— REQUIREMENT —
Which lines below fall between the one containing "写真: ＊舞い降りし紅葉と紛う生麩かな Lunch at Hanbeifu" and the one containing "фото отеля Executive"? Repeat them exactly, counting both of those lines, and add nothing else.

— LISTED RECORDS —
___
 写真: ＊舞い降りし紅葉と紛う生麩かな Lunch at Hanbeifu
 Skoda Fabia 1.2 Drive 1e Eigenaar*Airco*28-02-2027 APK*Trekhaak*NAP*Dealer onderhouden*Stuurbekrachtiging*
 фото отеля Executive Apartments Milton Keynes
___
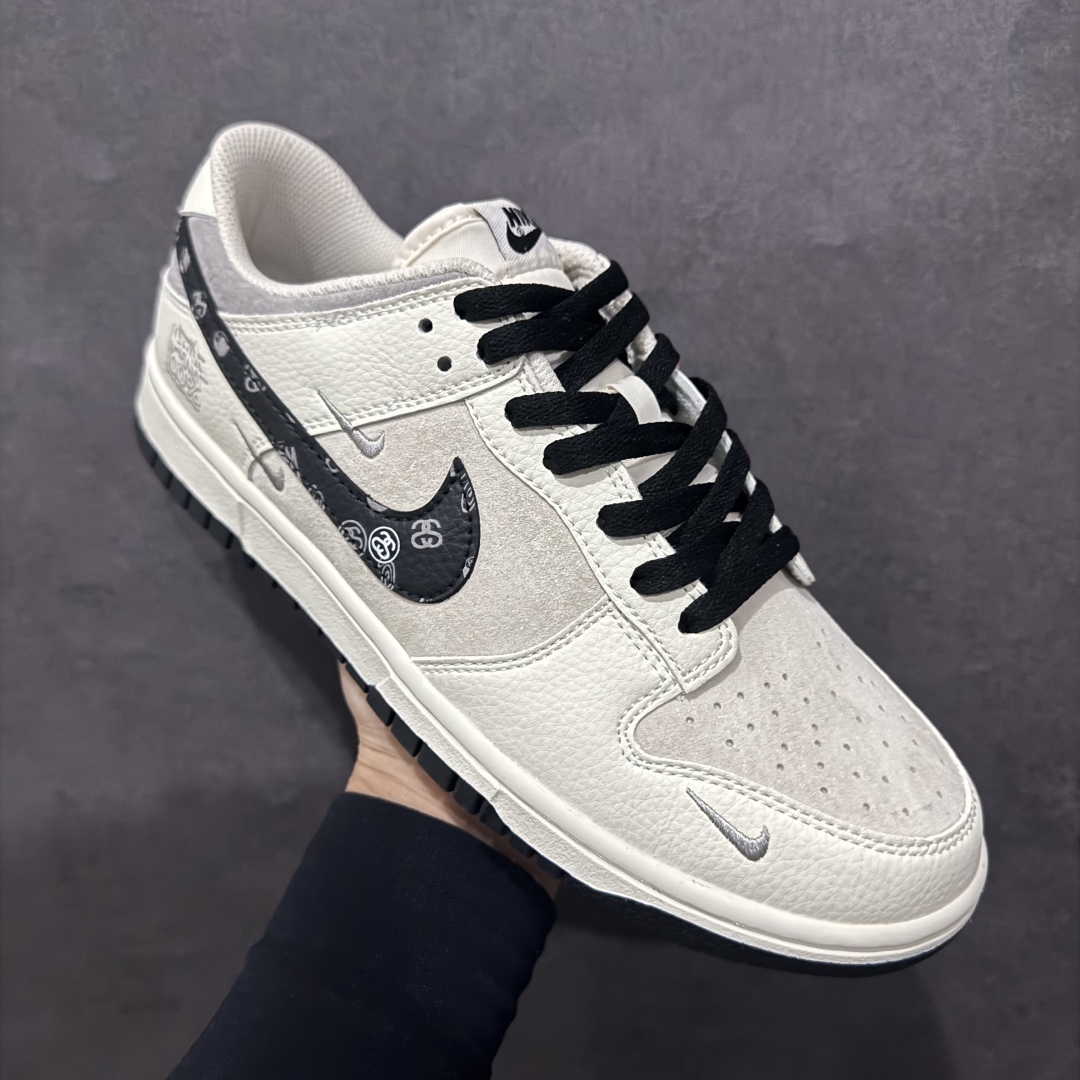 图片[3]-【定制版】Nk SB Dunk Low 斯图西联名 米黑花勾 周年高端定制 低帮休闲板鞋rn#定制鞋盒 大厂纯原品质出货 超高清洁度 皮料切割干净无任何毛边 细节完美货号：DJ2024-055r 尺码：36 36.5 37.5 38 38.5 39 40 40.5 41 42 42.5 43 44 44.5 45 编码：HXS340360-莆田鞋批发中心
___
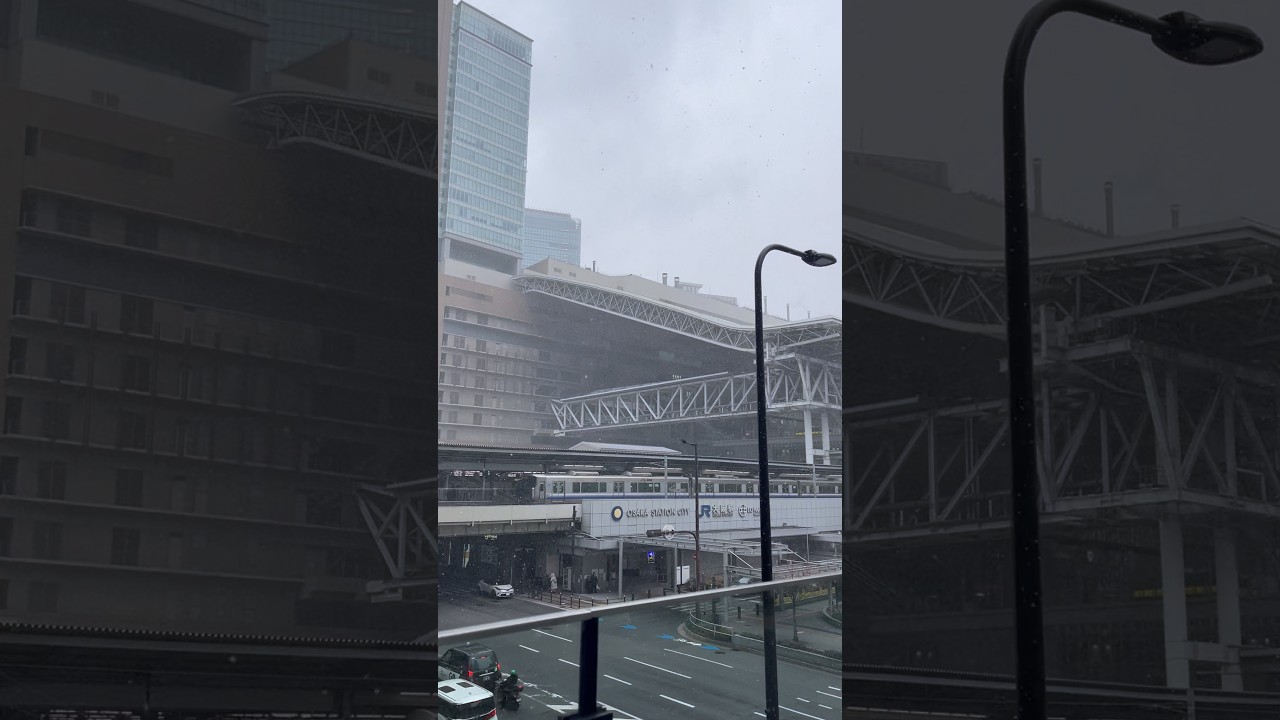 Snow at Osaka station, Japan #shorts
___
— RESULT OF THE TASK —
 写真: ＊舞い降りし紅葉と紛う生麩かな Lunch at Hanbeifu
 Skoda Fabia 1.2 Drive 1e Eigenaar*Airco*28-02-2027 APK*Trekhaak*NAP*Dealer onderhouden*Stuurbekrachtiging*
 фото отеля Executive Apartments Milton Keynes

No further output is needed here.